Smoke particles can generate radiative forcing mainly through
scattering and absorbing solar radiation (direct radiative
forcing), and modifying the cloud droplet concentrations and
lifetime, and hence the cloud radiative properties (indirect
radiative forcing). The change in radiation can cause further
changes in global temperatures and precipitation.
"Wildfire emissions can have remarkable impacts on radiative
forcing," says Liu.
"During fire events or burning seasons, smoke particles reduce
overall solar radiation absorbed by the atmosphere at local and
regional levels. At the global scale, fire emissions of carbon
dioxide contribute substantially to the global greenhouse effect."

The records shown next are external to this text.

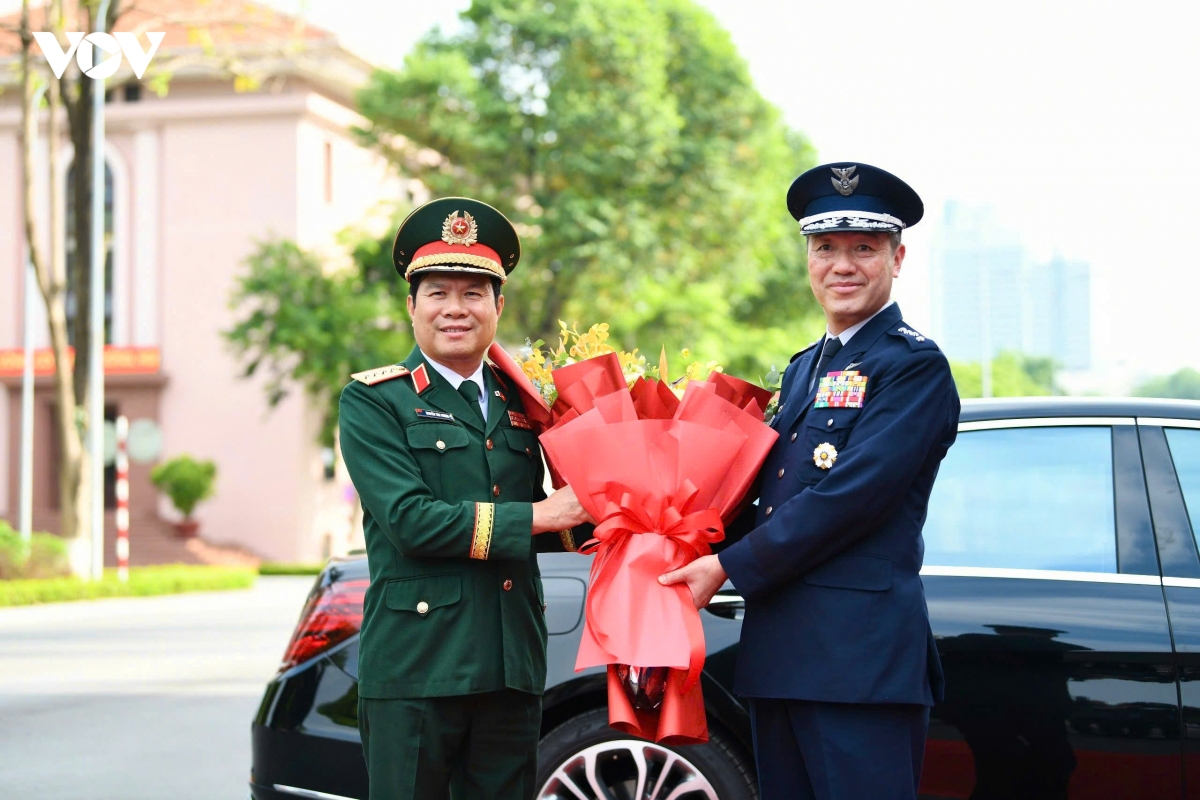 Dai tuong nguyen tan cuong hop tac quoc phong viet nam-nhat ban ngay cang sau sac hinh anh 1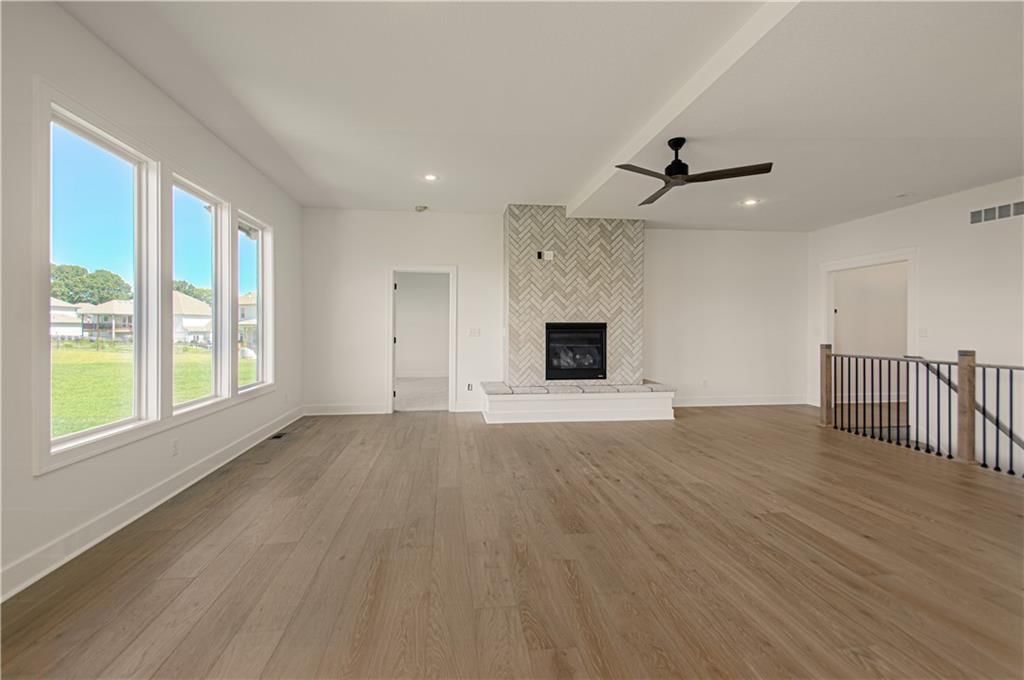 7604 N Gower Avenue — photo 7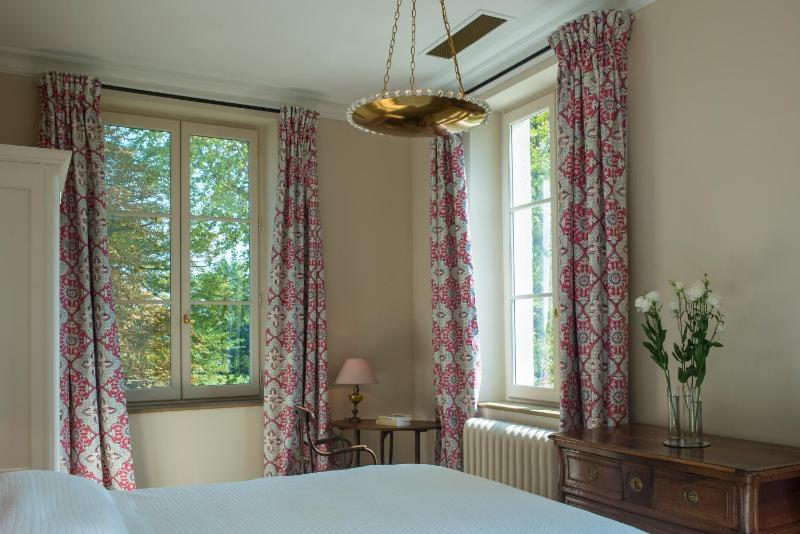 Family Room with Private Bathroom image 1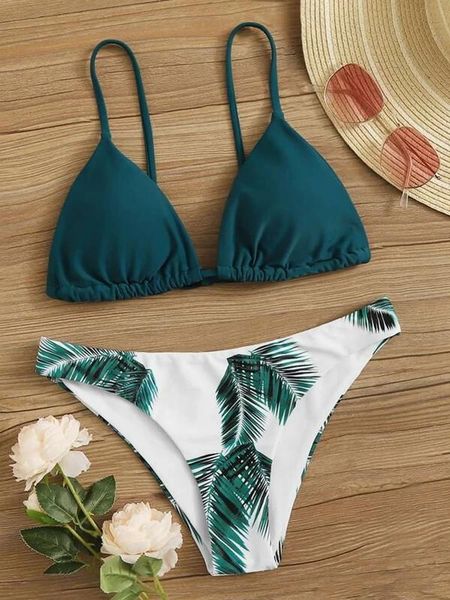 women's swimwear women leaf random print bikini set push-up swimsuit beachwear padded pleated bandeau, White;black
women's swimwear women leaf random print bikini set push-up swimsuit beachwear padded pleated bandeau, White;black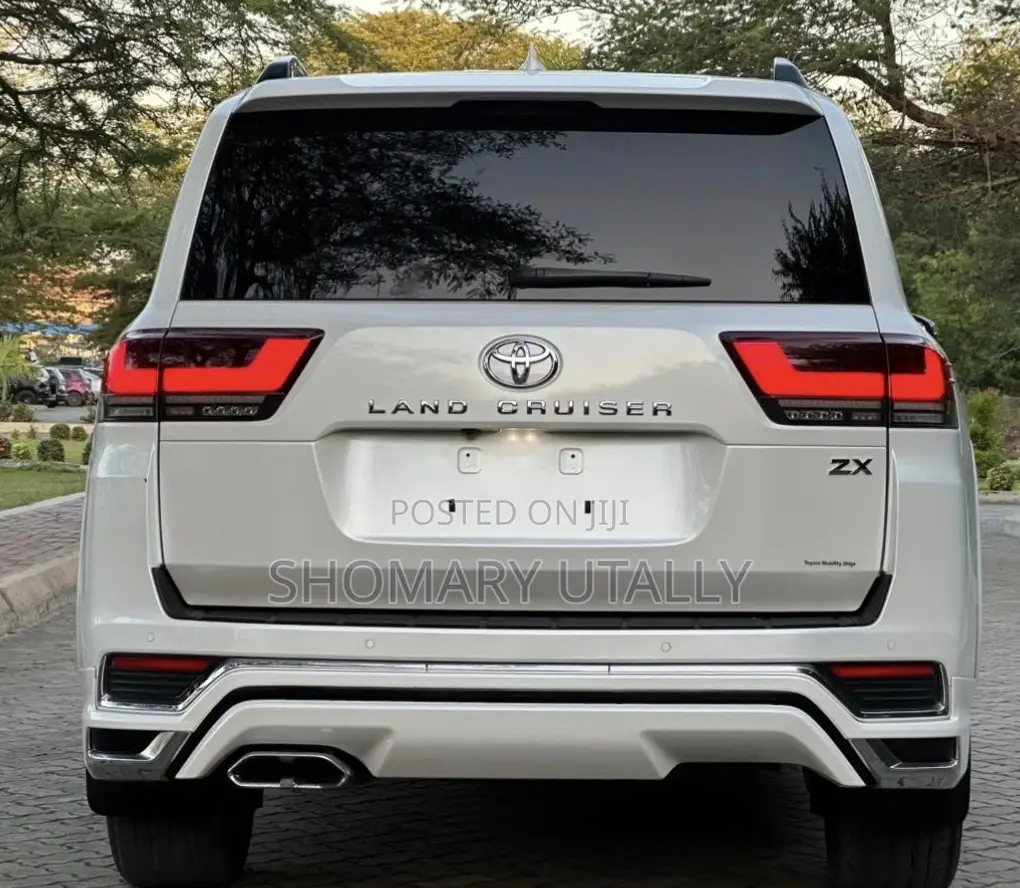 Toyota Land Cruiser 2024 White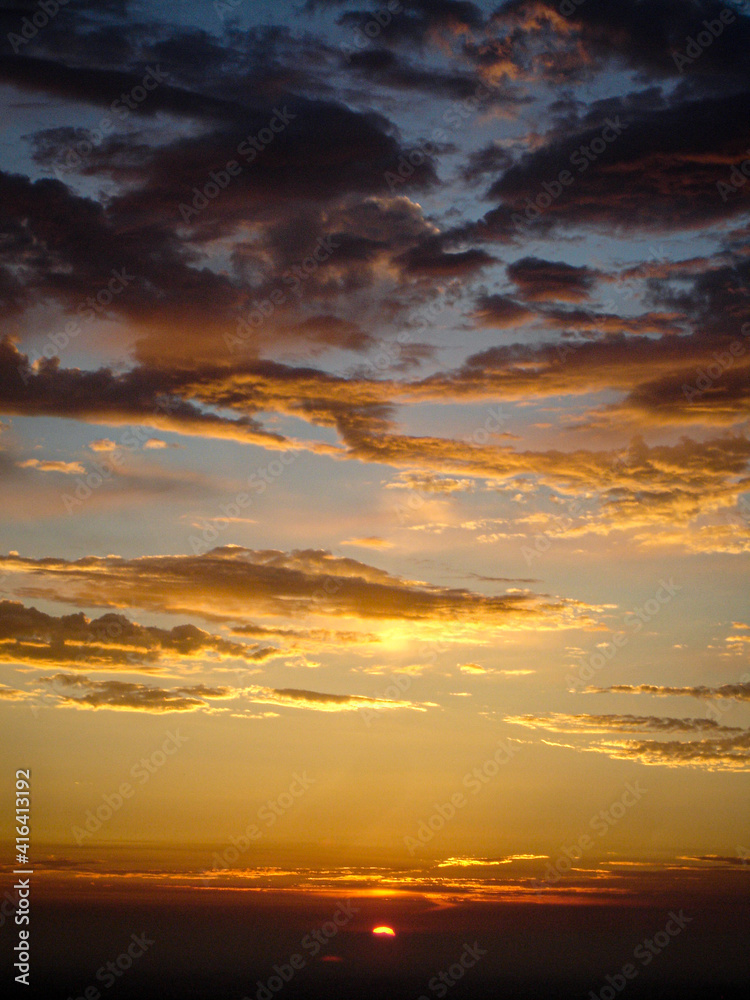 Fototapeta premium sunset over the sea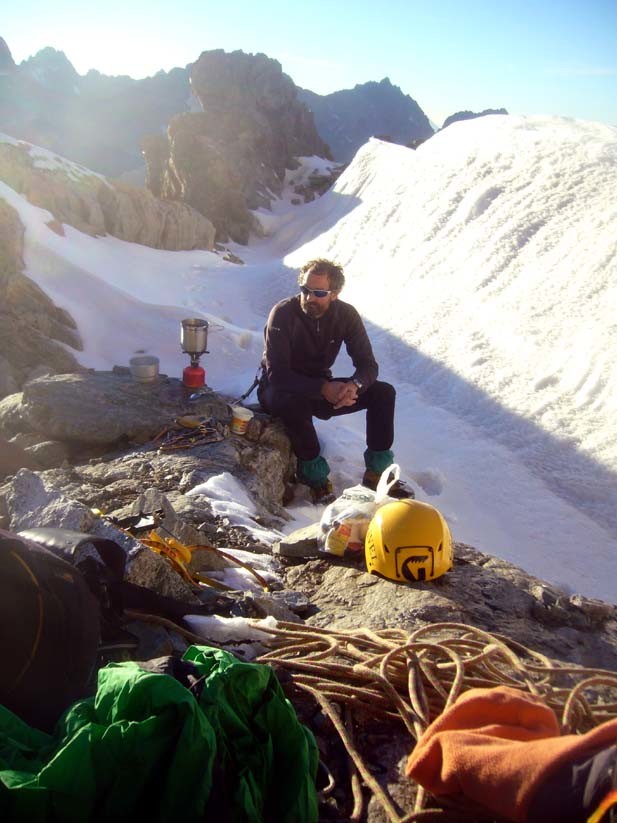 bivouac 3 étoiles au sommet du glacier carré
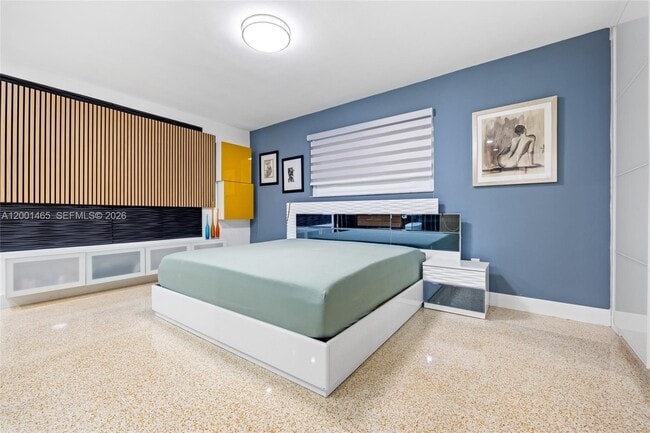 Building Photo - 2121 Red Rd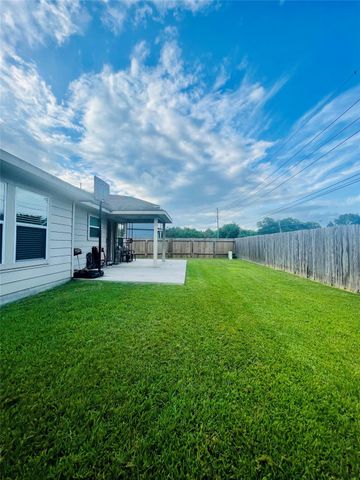 722 Pequin Road, Crosby, TX 77532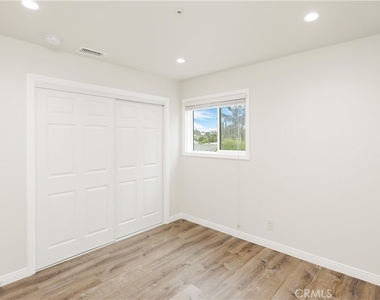 3032 Potrero - Photo Thumbnail 18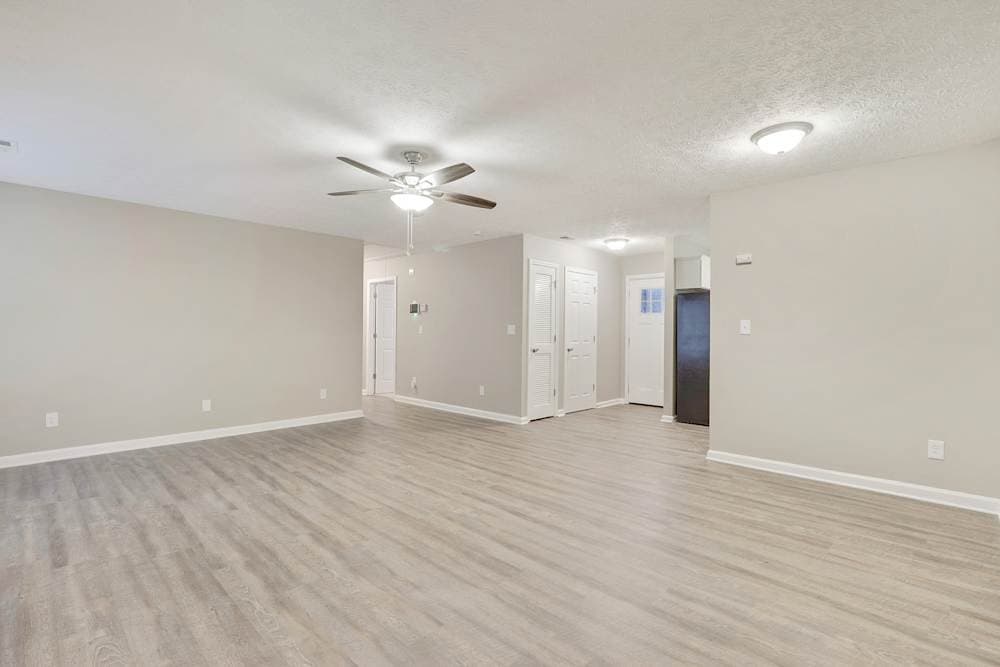 Atlanta House: 627 Waynes Ct Se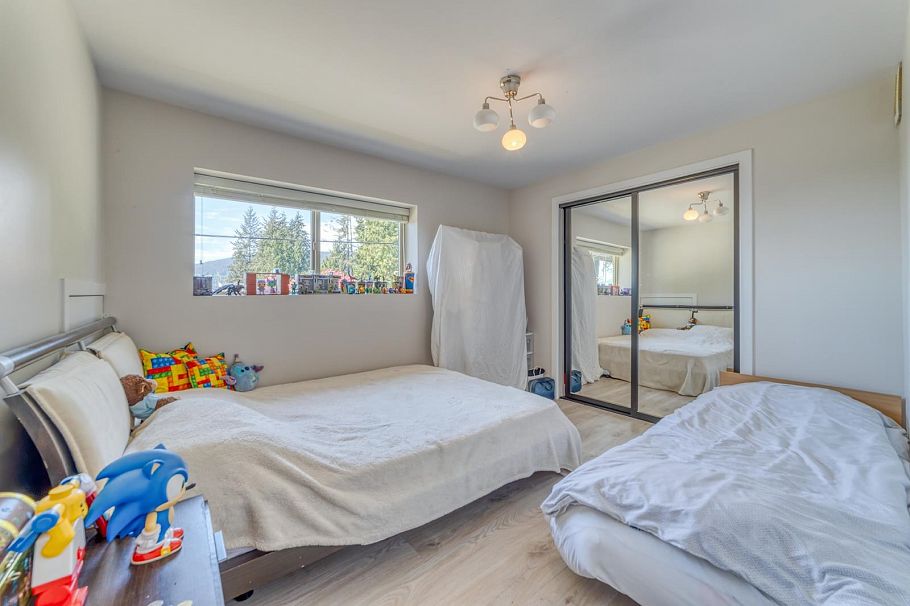 4902 Ranger Avenue North Vancouver, BC - 21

Other major findings covered in the synthesis include:
+ The radiative forcing of smoke particles can generate
significant regional climate effects, leading to lower
temperatures at the ground surface.
+ Smoke particles mostly suppress cloud formation and
precipitation. Fire events could lead to more droughts.
+ Black carbon, essentially the fine particles of carbon that
color smoke, plays different roles in affecting climate. In the
middle and lower atmosphere, its presence could lead to a more
stable atmosphere. Black carbon plays a special role in the
snow-climate feedback loop, accelerating snow melting.
Land surface changes may be triggered that also play into future
effects. "Wildfire is a disturbance of ecosystems," says Liu.
"Besides the atmospheric impacts, wildfires also modify
terrestrial ecosystem services such as carbon sequestration, soil
fertility, grazing value, biodiversity, and tourism. The effects
can in turn trigger land use changes that in turn affect the
atmosphere."
The article concludes by outlining issues that lead to
uncertainties in understanding fire-climate interactions and the
future research needed to address them.